こうやって書くと無理やり擁護しているようだけど全然そんなことはなく、観ている最中は眠くなったし、高校パートと幼少期パートの行き来のまずさ(幼少期パートがどういう位置付けなのか途中まで見極められない)にフラストレーション溜まったのだけれど、観終わると「わりと好きな映画だ」と思った。

濱田岳渡辺直美イッセー尾形という豪華キャストを起用しながら妙に紋切り型の脇役たち。どうして?と最後まで納得はできなかったが、この妙なズレや気持ち悪さが、案外、アリスの見る世界の曖昧さとこの感覚は結びついている。展開も静かでまったりしているが、逆に心地よくも感じられる。

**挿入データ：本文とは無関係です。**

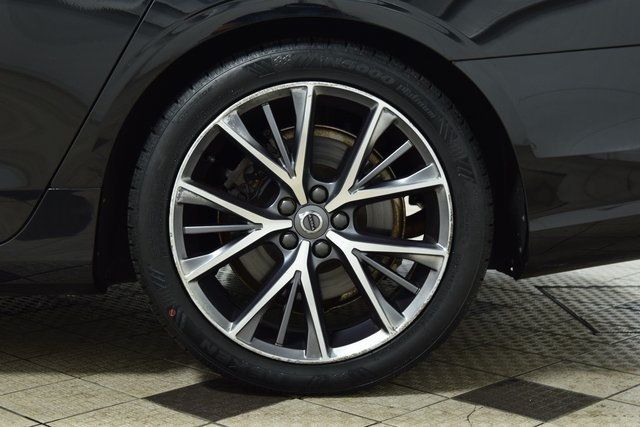 2018 Volvo S90 T5 AWD Momentum - 22948771 - 22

終始、この映画はそういう狙っているのか、それともたまたまなのかわからないバランス感覚で成り立っている。好意的に受け止めない人は睡魔に負けて終わるだろうと思う。丹生ちゃん演じる仮面の少女はそもそも口数の少ないキャラだったが、いつもの彼女とは180度ちがう演技。ひらがなけやきだった。

丹生ちゃん出てないと絶対観なかった映画だし、完成度が高いかというと、もっとなんとかなっただろと思うのだが、俺は好きだった。「二ノ国」も評判悪かったけど俺はお気に入りで。ああいう現実とリンクする異世界系の話は定期的に観たいと思う。